# Weston Sausage Stuffer, What do you think of QUALITY & CUSTOMER SERVICE?



## hdflame (Mar 4, 2012)

I recently found a Weston 5lb stuffer and I liked the looks and price.  On their site, they had a "Refurbished" unit listed for $139.  This unit has metal gears and looks pretty sturdy.  I figured why not get it instead of spending $99 on another brand that has plastic gears.

So, I ordered it, and within about a week it arrived.  The box had some shipping damage, but I had the FedEx guy document it.  After unpacking and inspecting I found no damage to the unit from shipping.  It was double boxed with lots of foam packing inside the inner box.

I got it out and put it together to check it out.  I found that the large nut that holds the stuffing tubes in place, had some damage to the threads.  Once the nut started on, you could make about one turn, then it got very hard to turn.  After about another turn and a half, it would become easy to turn again, then another hard place.  It was harder to take off than put on!

Needless to say, I was disappointed because I had been looking forward to making some more sausage.

I thought about keeping it and seeing if I could take a small file to the threads, which seemed to have some rough areas on them.  But, I decided against that because I planned on keeping this stuffer for many years to come, and figured for the money I was spending, I wanted something that worked without having to fight it every time I used it.

I went ahead and called Weston's customer service and told the woman about the problems with the threads.  She initially tried to minimize the problem and said that since it was a "Refurb" unit she couldn't do anything.  Boy, was I getting upset.  I kept my cool but told her that I expected something that had been refurbished, to be as good as new.  She put me on hold to try to find out what she could do.  Finally, she said that since it was within the first 30 days, that  I could send it back.  She started to sound more like she wanted to help me with a solution.

She suggested that for only about another $20, I could get a new one because there was FREE shipping on it.

I wanted to get this one back to her so I could get credit for it and get another one ordered.  I asked if she was going to send me a pickup order for this unit.  She emailed me a label that I could print and take it to the local UPS office.  I carried it in to UPS the next morning.

So far, this is not too bad.  But the problem I have is even though she agreed to refund my purchase price, she said she couldn't refund my original shipping cost.  You know, I could understand that, if I just changed my mind and didn't want it, but they shipped me a faulty unit that was supposed to have been refurbished.  She told me on the phone that when I shipped it back, that if their technicians could screw the ring nut on and off, that they would just box it back up to go out as a refurb.  To me, that's not a refurb.  That's just selling a faulty unit for less money...a big difference.

This just doesn't seem like good company policy to me.  What do guys think?  Anyone else have any problems with Weston?

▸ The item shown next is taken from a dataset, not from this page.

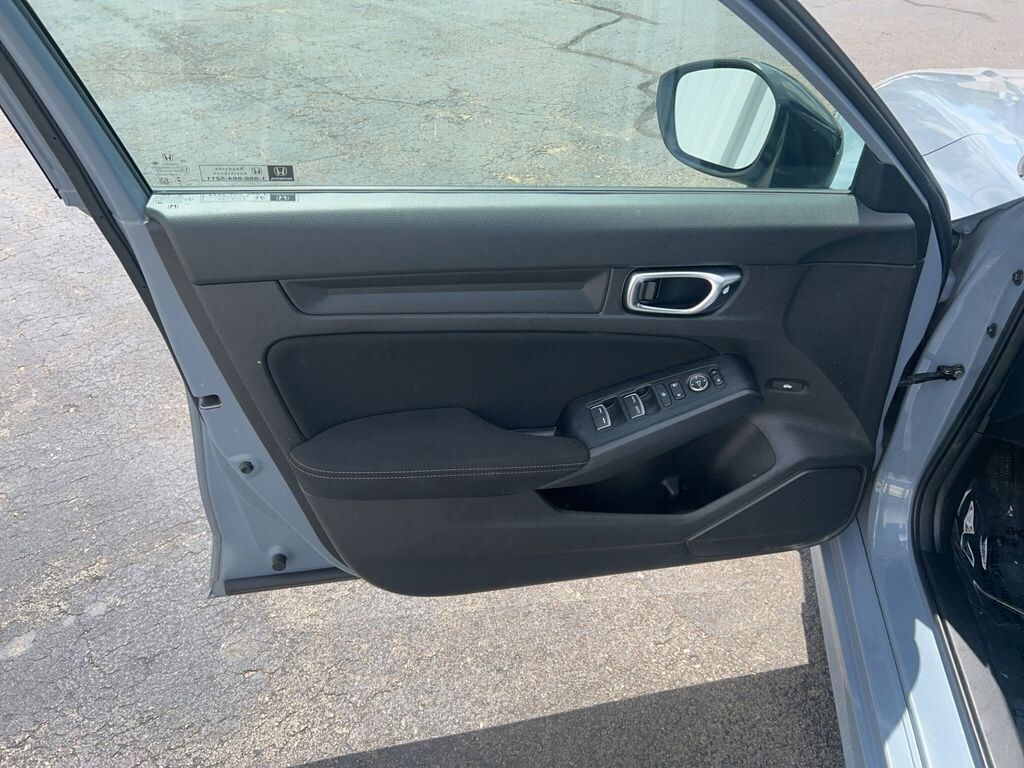 Used 2024 Honda Civic Sport Sedan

I'm going to call them back tomorrow and ask to speak to a supervisor to see if I can get my original shipping costs back.  I just checked the tracking number, and it's supposed to be delivered tomorrow.

Bobby


----------



## boykjo (Mar 5, 2012)

Sorry to hear about your problems bobby... I used shoneyboys weston stuffer at the SELA and was pretty impressed with the way the stuffer was made. There are thread files that could have repaired the dammage on the cannister but if the threads were dammage on the nut side, The nut would need to be replaced. Well its free shipping on the new one so you'll just have to look at it as you paid for it. Keep on bugging them. Hopefully they'll get it right

Joe


----------



## hdflame (Mar 5, 2012)

boykjo said:


> Sorry to hear about your problems bobby... I used shoneyboys weston stuffer at the SELA and was pretty impressed with the way the stuffer was made. There are thread files that could have repaired the dammage on the cannister but if the threads were dammage on the nut side, The nut would need to be replaced. Well its free shipping on the new one so you'll just have to look at it as you paid for it. Keep on bugging them. Hopefully they'll get it right
> 
> Joe




I was really impressed with the stuffer overall.....except for the threads.

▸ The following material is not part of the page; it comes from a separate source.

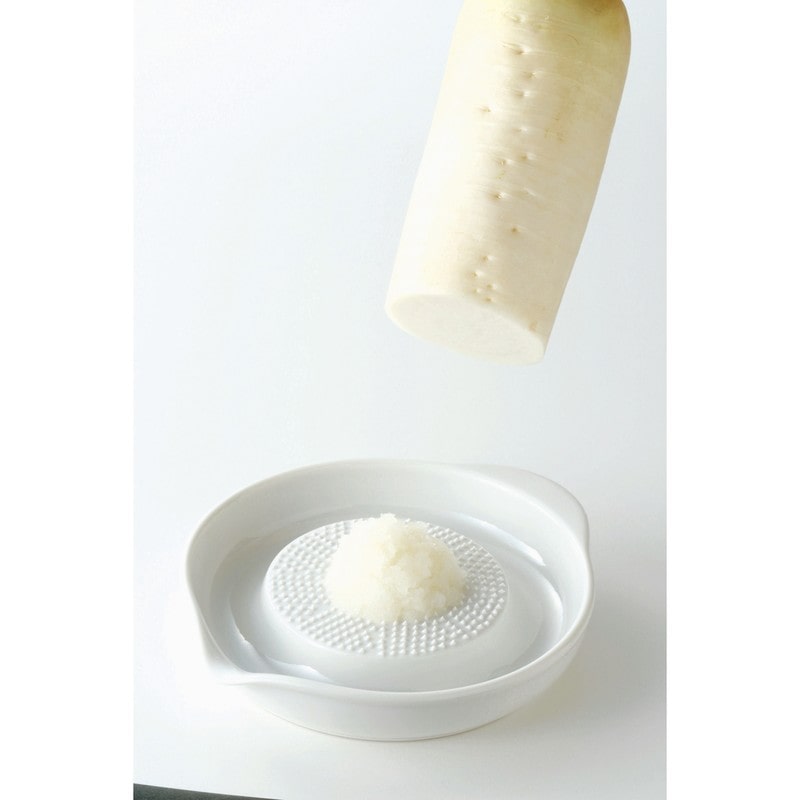 貝印 2041150 KK セラミックおろし器滑り止め付き DH8036 1個(ご注文単位1個)【直送品】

What worries me was the attitude that just checking to see that something works, no matter how hard the nut turned, was considered "Refurbing" it!  I'm just not too sure of a company like that.

I will see how things go today after talking to them on the phone.  If they are reasonable or not, I will be sure to let the forum know.  I'm hoping that after I talk to a supervisor, they will do the right thing.


----------



## sausageboy (Mar 5, 2012)

Deleted by SausageBoy!


----------



## smokinhusker (Mar 5, 2012)

Sorry to hear of your troubles. I know nothing about the Weston models but you would think "refurb" would be as good as new and telling you that if the techs could get the nut on it would be sent out again! I have an  LEM 5 lb and I've only used it a few times, but I really like it and the meat left in it is next to nothing, also easy clean up.


----------



## BGKYSmoker (Mar 5, 2012)

I am not very happy with Weston customer service. When i asked about O rings for the 7 lb that was Cabelas Cave item, I got so sorry no parts or motors.

So i bought a stuffer that i have to baby....My LEM cranks circles around the weston.


----------



## hdflame (Mar 5, 2012)

SausageBoy said:


> Why can't they just ship you a new nut?
> But if you send the whole thing back...you deserve all your money back!
> Take what you get and buy a LEM instead...Weston and the like are a sucky design (IMHO) with that big elbow at the bottom that leaves a lot of sausage un-stuffed.




I did notice that big elbow.  I figured I'd just make patties out of what was left in the bottom.  I haven't looked closely at the LEM.  Maybe I will.

They did offer to send the nut, but I don't think the nut was the problem.  The threads inside the nut looked good, it was on the SS tub that they looked rough.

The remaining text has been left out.